Beginning with the first line of the data below, reproduce every line unchanged, ending with the line that holds "3134 Linden Dr Anchorage, AK 99502".

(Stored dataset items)
= = =

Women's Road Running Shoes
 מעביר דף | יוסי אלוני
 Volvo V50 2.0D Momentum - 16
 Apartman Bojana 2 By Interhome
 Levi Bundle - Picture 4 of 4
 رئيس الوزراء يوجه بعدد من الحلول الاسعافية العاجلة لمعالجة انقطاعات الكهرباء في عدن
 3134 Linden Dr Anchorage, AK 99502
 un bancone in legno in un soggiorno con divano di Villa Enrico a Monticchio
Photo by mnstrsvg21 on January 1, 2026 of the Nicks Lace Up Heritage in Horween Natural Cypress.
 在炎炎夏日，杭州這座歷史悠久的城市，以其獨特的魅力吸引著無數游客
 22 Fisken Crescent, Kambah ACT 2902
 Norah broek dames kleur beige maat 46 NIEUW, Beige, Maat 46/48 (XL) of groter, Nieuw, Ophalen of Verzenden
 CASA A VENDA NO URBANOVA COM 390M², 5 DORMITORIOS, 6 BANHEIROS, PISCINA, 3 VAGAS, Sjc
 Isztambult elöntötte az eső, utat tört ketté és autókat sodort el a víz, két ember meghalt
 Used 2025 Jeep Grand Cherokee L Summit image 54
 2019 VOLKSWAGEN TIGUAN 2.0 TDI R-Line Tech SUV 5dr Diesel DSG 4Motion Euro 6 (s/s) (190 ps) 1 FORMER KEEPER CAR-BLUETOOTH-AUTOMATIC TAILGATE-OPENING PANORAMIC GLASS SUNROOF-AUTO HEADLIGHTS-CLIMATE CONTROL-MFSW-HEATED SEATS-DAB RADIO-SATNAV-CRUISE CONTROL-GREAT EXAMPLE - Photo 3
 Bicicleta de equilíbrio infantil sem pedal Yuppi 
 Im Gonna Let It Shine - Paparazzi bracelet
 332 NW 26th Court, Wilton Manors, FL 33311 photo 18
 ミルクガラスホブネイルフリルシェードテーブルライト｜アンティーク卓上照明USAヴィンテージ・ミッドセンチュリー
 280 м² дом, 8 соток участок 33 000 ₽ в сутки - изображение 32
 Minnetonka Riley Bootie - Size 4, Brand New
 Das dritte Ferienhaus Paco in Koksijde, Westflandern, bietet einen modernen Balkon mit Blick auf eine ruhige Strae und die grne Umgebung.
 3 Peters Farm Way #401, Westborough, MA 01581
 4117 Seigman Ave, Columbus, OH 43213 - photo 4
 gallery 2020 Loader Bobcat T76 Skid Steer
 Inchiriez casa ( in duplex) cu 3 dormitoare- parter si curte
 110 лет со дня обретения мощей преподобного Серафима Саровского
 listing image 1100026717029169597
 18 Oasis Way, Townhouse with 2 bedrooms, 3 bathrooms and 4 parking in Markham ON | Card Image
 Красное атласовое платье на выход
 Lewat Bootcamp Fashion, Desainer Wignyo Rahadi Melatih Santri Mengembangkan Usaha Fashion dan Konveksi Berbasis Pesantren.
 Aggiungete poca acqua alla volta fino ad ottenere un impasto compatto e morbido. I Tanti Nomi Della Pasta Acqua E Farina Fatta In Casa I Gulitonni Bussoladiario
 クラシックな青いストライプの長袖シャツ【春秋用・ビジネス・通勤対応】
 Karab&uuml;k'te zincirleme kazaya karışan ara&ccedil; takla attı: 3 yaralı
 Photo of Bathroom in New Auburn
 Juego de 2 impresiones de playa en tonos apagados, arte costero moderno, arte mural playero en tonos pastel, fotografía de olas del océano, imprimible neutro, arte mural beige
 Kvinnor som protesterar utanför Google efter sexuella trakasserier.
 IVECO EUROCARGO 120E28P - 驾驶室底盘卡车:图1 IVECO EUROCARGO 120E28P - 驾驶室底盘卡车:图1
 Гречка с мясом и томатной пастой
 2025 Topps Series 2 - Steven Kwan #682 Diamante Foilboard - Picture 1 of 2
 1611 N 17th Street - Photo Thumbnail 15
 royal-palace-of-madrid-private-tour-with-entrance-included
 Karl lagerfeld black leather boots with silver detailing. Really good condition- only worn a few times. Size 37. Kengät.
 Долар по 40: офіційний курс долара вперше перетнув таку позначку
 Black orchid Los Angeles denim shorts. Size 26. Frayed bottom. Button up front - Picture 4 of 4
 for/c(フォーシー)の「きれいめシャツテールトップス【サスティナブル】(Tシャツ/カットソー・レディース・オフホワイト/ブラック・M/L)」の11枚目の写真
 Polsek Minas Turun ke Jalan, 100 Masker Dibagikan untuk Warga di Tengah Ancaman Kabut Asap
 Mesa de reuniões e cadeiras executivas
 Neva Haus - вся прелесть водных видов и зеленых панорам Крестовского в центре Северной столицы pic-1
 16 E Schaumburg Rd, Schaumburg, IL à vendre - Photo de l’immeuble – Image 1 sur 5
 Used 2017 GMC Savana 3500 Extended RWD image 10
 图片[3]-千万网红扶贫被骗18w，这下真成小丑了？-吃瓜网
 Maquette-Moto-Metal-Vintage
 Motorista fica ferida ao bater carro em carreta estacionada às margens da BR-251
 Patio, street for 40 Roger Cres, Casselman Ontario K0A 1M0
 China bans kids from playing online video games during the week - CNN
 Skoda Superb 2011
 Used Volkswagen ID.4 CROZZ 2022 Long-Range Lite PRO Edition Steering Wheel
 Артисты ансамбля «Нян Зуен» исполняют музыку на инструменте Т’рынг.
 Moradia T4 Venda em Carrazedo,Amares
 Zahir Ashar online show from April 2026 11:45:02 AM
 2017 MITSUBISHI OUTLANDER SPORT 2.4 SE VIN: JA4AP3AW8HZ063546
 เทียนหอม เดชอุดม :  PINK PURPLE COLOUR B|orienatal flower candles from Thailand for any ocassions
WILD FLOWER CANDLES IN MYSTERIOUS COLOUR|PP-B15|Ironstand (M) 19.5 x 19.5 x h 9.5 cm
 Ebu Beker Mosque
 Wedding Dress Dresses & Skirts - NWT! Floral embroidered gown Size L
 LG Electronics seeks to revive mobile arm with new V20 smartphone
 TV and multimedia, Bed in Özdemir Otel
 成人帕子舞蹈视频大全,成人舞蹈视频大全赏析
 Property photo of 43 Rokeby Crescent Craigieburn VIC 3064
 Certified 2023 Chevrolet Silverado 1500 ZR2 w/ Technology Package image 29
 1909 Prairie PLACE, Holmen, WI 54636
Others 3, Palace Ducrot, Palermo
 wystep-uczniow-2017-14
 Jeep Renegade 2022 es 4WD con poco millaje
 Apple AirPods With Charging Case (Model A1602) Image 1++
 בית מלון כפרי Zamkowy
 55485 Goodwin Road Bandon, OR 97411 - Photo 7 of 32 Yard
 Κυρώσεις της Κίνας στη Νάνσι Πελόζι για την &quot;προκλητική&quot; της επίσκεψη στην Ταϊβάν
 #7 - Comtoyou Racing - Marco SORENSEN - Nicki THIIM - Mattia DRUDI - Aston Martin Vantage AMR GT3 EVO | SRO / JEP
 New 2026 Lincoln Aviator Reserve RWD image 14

= = =

WRITTEN ANSWER:
Women's Road Running Shoes
 מעביר דף | יוסי אלוני
 Volvo V50 2.0D Momentum - 16
 Apartman Bojana 2 By Interhome
 Levi Bundle - Picture 4 of 4
 رئيس الوزراء يوجه بعدد من الحلول الاسعافية العاجلة لمعالجة انقطاعات الكهرباء في عدن
 3134 Linden Dr Anchorage, AK 99502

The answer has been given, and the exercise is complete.